As long as people are polite and tolerant a true friendship can supersede other differences but surviving dishonesty is HARD.


----------



## Wolf1974 (Feb 19, 2014)

Also agnostic. I can respect others beliefs so long as they respect mine. That said anyone who goes to church as a "get out of jail free card" for all the wrong they do during the week are not people I would associate with ever again.

Wolf


----------



## Caribbean Man (Jun 3, 2012)

Wiltshireman said:


> BTW I did not feel the need to limit my dating pool to only those with whom I shared religious, political and social beliefs with. As long as no one is trying to force their opinions onto another or is intolerant of others beliefs then that is OK with me.


:iagree:

What I've learned is that in life, there is always some legitimate reason we could dislike someone for.

Their religious beliefs.
Their political convictions.
Their socioeconomic background.
Their ethnicity.

And the list could go on and on.

However , don't we realize the same things we're intolerant about in other people , someone else is looking at us and disliking it?
I think respect goes a long way in understanding.


----------



## Jellybeans (Mar 8, 2011)

*Would you NOT marry someone who is religious?*

First of all, I probably would not get married at all.

LOL.

Second of all, I am not a religious person so it would not bother me if someone else wasn't.

With that said, I do believe.


----------



## married tech (Jan 18, 2014)

> That said anyone who goes to church as a "get out of jail free card" for all the wrong they do during the week are not people I would associate with ever again.


That has always been one of the largest personal conflicts I have had with going to church in general. 

Every church I have visited has had way to many people I know of from around the community that are some of the worst offenders being holier than thou on Sunday and lying cheating crooked and dishonest scum the rest of the week.


----------



## happy as a clam (Jan 5, 2014)

I think there is a big difference between being "religious" and being "spiritual." I am Catholic, my SO is Protestant, but neither of us are overly "religious." We both have the same core beliefs, faith, but neither of us goes to church and we are both extremely open to expanding our knowledge of life, life after death, the universe, our origins, etc.
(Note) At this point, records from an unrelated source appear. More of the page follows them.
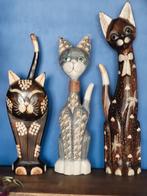 Chats en bois d'Indonésie peints à la main, Antiquités & Art, Art | Sculptures & Bois, Enlèvement ou Envoi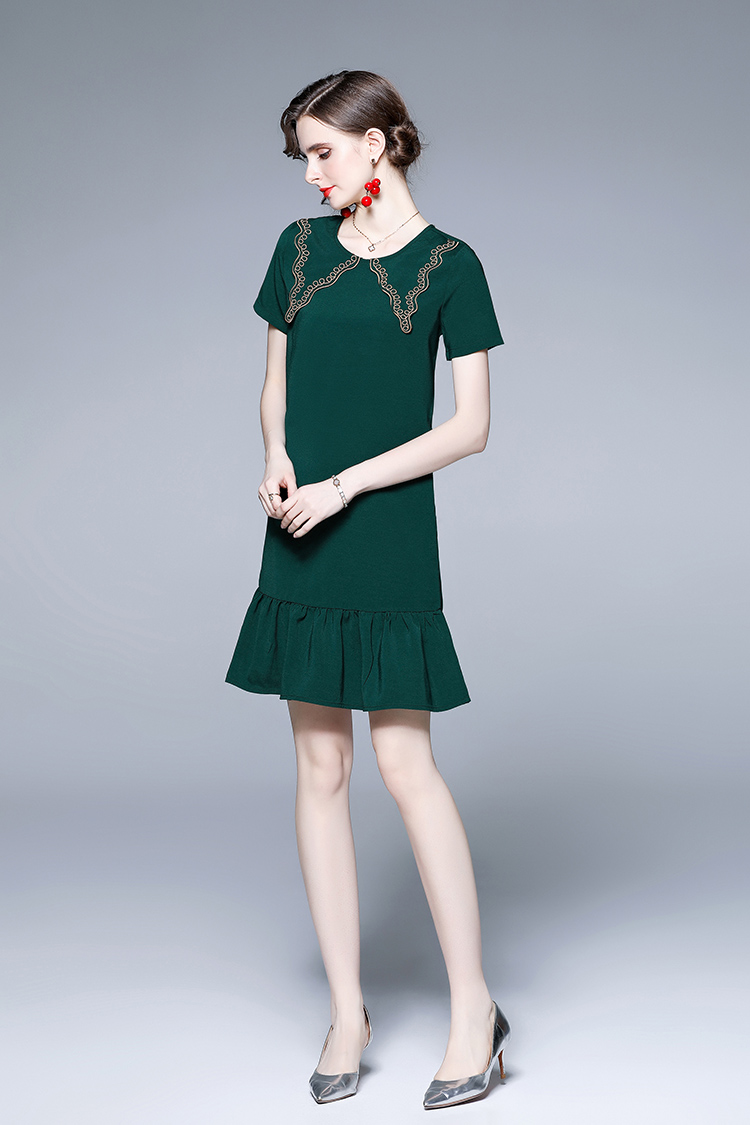 European style playful lapel summer embroidered dress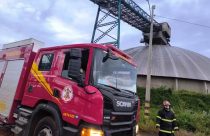 Os bombeiros identificaram que o incêndio começou nas correias para um silo do terminal — Foto: Divulgação Bombeiros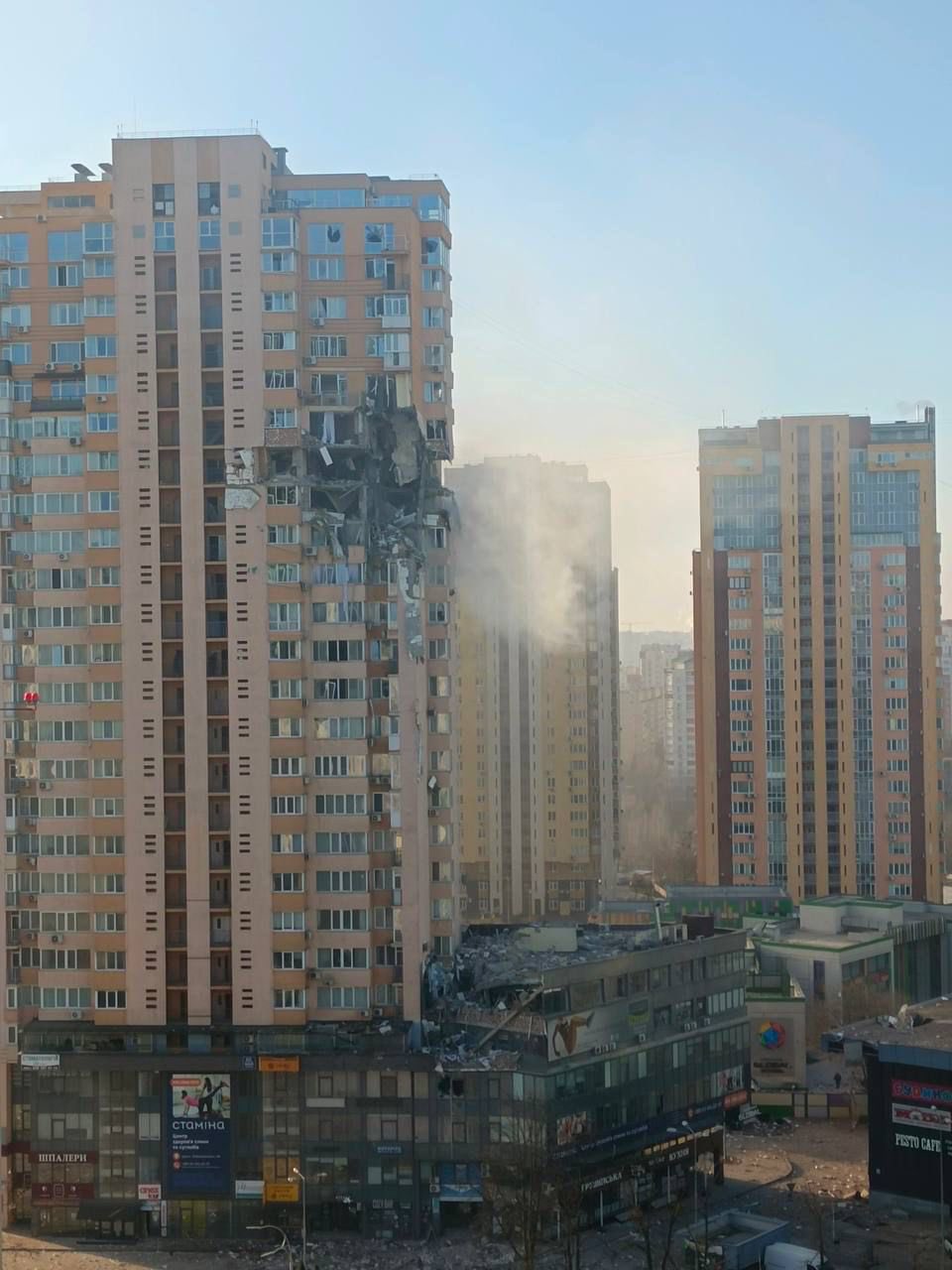 Misil impacta contra edificio residencial de 30 pisos en Kiev. (@DmytroKuleba)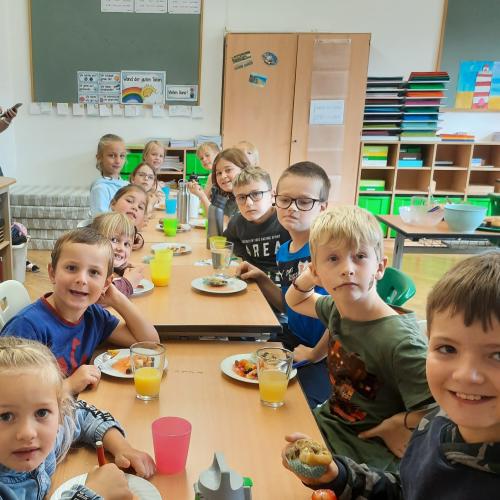 Kinder bei Jause
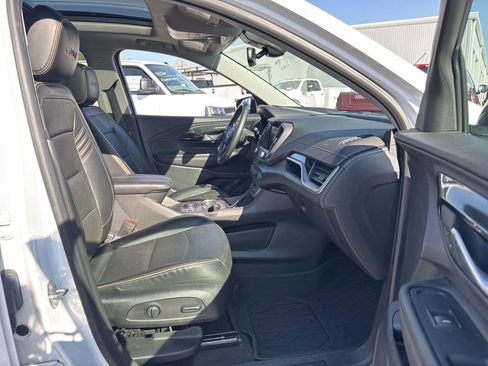 Used 2023 GMC Terrain AT4 w/ Infotainment Package II image 33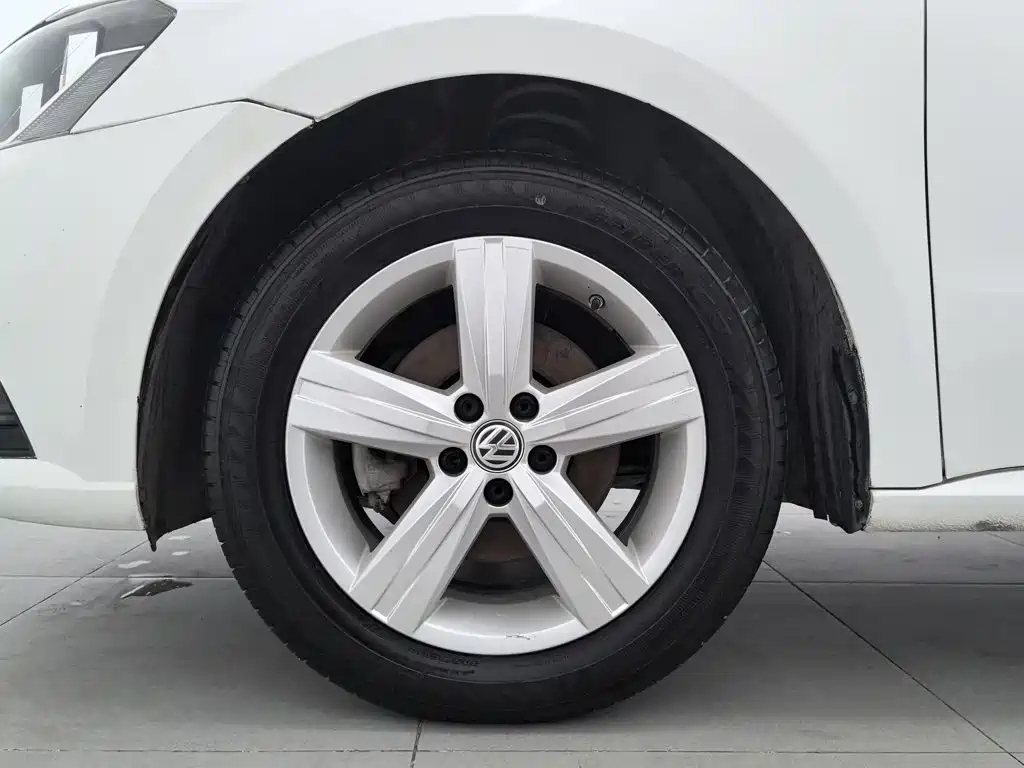 Volkswagen Lavida — миниатюра 17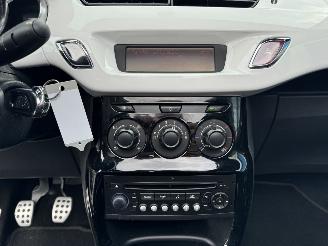 Citroën DS3 1.2 VTI  CABRIOLET picture 19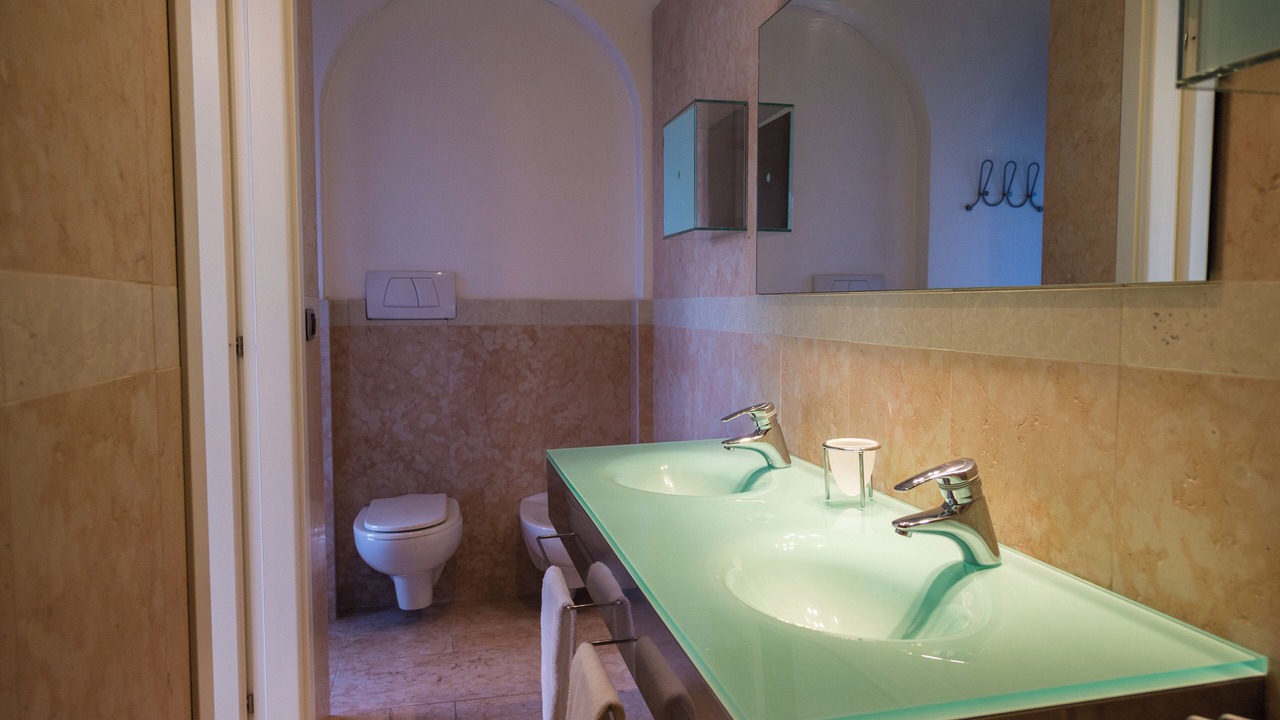 Photo of Bathroom in Frader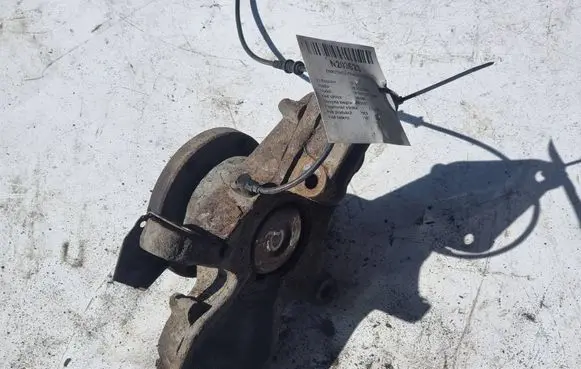 Mercedes-Benz Sprinter W906 Front wheel hub spindle knuckle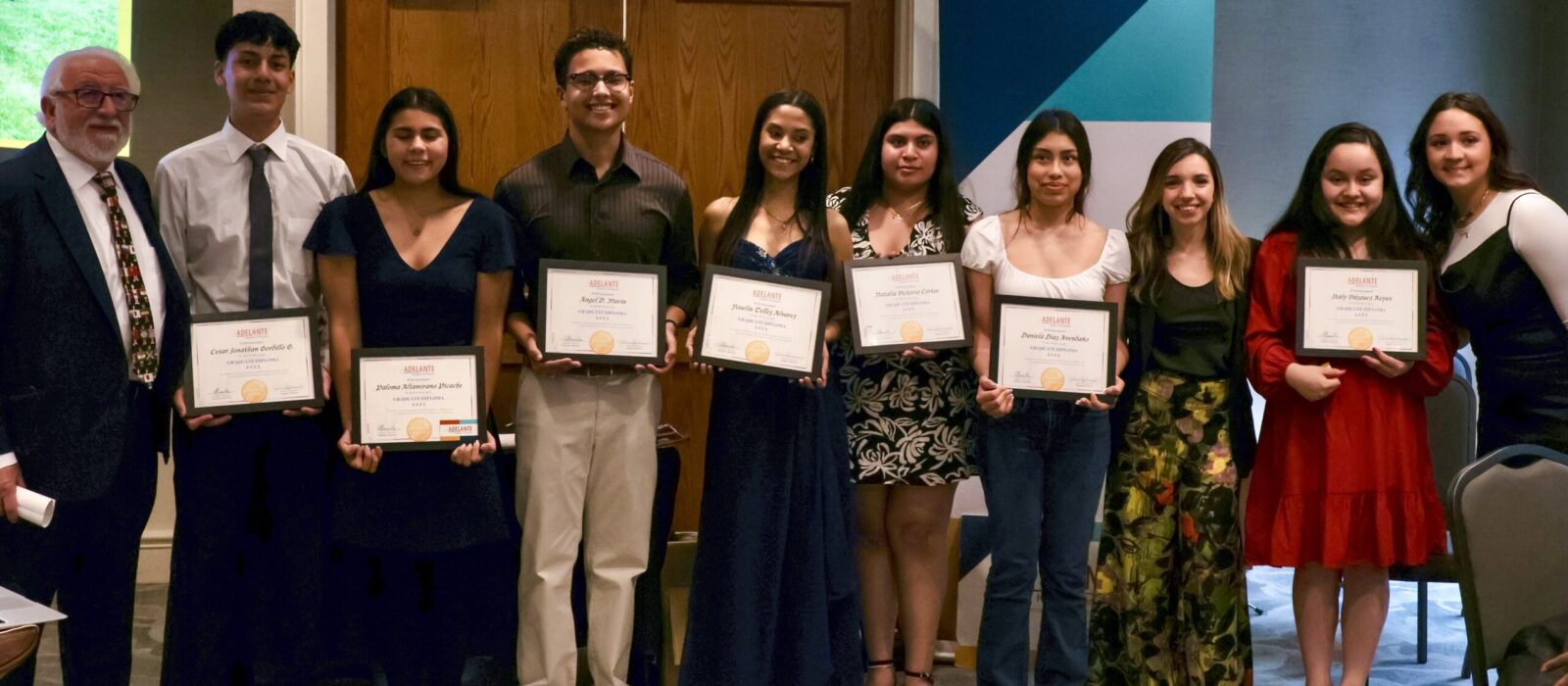 Adelante Hispanic Achievers Graduation PIctire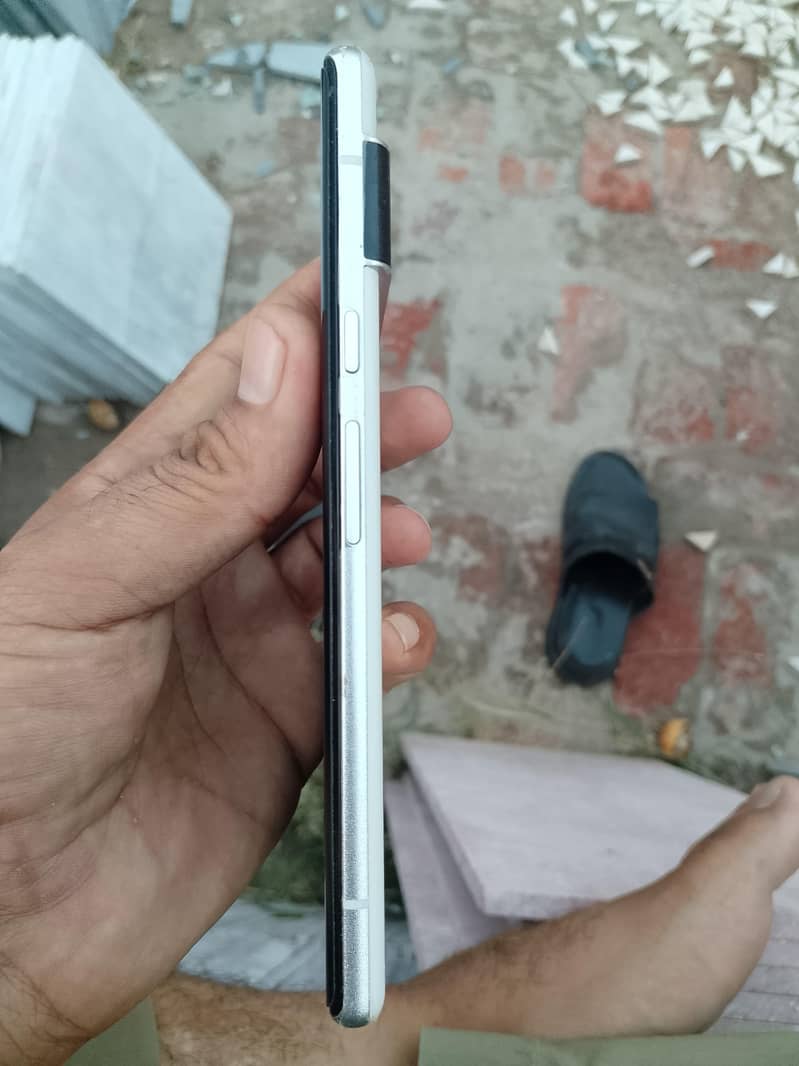 Google Pixel 6 Pro 4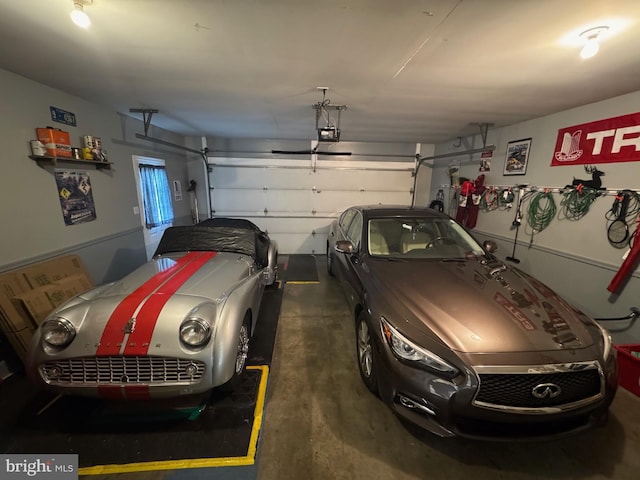 7 Red Fox Ct, Reinholds, PA 17569 - garage featuring a garage door opener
I could not be involved with a "Bible-beater" fundamentalist, if that's what you mean by religious.


----------



## F-102 (Sep 15, 2010)

EnjoliWoman said:


> Wow. I'm kind of relieved so many people are in my boat - agnostic, not quite atheist. It seems on dating sites under the question "What 5 things can you not live without?" that a LOT of men (and granted I'm in the bible belt) list God as the #1 answer. And a lot of men mention God as being important in their lives. I let these go to the wayside.
> 
> I am a good person. I have good morals and I didn't get them from religion. I have taught my daughter what I know about Christian holidays and let her decide as she grows more curious. And she was baptized, which was more of a ritual and consideration for my family. Ex and I were raised (loosely lol) in the same protestant denomination and my uncle baptized me so we had him come to ex's church to baptize our daughter in the baptism gown I wore. I know what it is supposed to mean, that i promised to bring her up in the church but really, it was a ritual that was special to my family and I was very happy to do that for them. It takes nothing from me to let them have that.
> 
> ...


God is the #1 answer? They just wanna get into a bible-thumpers pants!


----------



## EnjoliWoman (Jul 2, 2012)

Yup, the usually put God first and kids second. Beer is third.


----------



## Anonymous07 (Aug 4, 2012)

I think it makes life a lot easier when you marry someone with similar beliefs. 

My husband and I both share the same religious beliefs, which makes life easier for us in many aspects. I don't have to ask him to come along to church(not fun to go alone), ask him about how we'll raise our son in regards to religion, and so on. We have those same beliefs, even though he is a bit more "old school" in his thought process(I'm more of a "cafeteria Catholic"). 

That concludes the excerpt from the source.